* _Problem_
Transcribe the listing from its top line through the line with "Nijntje Knuffel Snuffie". Keep it exact, both ends included, and add nothing.

* _Data records_

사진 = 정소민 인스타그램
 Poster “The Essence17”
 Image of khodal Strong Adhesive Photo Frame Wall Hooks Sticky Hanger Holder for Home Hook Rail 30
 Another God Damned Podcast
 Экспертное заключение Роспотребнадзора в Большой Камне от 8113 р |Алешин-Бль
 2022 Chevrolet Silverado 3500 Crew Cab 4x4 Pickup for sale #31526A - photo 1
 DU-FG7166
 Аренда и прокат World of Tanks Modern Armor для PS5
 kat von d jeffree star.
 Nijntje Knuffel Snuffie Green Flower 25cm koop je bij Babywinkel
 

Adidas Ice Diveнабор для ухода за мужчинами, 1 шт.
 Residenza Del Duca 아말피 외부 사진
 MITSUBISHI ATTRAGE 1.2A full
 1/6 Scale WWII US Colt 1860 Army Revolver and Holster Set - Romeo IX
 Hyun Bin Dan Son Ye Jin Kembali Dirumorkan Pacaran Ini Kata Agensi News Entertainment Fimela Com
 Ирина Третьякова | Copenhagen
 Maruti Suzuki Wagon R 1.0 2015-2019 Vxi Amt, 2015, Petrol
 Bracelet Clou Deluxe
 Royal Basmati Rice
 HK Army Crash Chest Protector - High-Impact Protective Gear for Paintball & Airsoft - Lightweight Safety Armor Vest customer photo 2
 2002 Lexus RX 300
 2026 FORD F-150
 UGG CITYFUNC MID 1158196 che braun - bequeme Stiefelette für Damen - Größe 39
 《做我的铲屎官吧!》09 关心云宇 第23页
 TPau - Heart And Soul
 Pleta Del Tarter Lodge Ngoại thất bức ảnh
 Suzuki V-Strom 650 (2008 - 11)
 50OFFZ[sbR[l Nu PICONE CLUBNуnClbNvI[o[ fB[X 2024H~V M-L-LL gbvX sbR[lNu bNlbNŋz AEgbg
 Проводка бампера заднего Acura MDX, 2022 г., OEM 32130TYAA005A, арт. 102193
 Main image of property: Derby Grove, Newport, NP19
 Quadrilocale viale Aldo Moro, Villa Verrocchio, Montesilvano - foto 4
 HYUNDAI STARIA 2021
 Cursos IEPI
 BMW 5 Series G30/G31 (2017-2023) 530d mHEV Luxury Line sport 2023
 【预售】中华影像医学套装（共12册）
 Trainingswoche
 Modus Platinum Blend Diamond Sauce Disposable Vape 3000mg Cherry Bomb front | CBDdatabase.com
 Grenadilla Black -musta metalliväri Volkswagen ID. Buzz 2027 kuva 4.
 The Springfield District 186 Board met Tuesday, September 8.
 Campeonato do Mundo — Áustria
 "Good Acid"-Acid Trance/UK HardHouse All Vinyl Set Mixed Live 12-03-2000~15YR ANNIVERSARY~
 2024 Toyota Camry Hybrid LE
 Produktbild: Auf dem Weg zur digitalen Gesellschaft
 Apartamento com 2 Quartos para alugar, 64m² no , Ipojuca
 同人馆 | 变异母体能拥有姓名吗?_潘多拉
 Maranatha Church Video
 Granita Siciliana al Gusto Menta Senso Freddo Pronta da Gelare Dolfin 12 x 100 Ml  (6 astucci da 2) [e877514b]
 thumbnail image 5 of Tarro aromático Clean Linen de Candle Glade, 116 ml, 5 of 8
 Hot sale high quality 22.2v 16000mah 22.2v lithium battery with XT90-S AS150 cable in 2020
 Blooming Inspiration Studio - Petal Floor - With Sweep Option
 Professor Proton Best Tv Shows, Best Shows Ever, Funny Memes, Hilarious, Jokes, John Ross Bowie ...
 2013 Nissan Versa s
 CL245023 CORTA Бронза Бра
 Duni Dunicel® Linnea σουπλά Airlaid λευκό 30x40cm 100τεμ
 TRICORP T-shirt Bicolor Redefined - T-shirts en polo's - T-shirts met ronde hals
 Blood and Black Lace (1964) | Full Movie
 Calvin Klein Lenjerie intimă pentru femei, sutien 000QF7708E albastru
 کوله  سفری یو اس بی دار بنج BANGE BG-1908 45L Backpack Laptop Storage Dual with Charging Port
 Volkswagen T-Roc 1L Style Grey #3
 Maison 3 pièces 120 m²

* _Exercise response_
사진 = 정소민 인스타그램
 Poster “The Essence17”
 Image of khodal Strong Adhesive Photo Frame Wall Hooks Sticky Hanger Holder for Home Hook Rail 30
 Another God Damned Podcast
 Экспертное заключение Роспотребнадзора в Большой Камне от 8113 р |Алешин-Бль
 2022 Chevrolet Silverado 3500 Crew Cab 4x4 Pickup for sale #31526A - photo 1
 DU-FG7166
 Аренда и прокат World of Tanks Modern Armor для PS5
 kat von d jeffree star.
 Nijntje Knuffel Snuffie Green Flower 25cm koop je bij Babywinkel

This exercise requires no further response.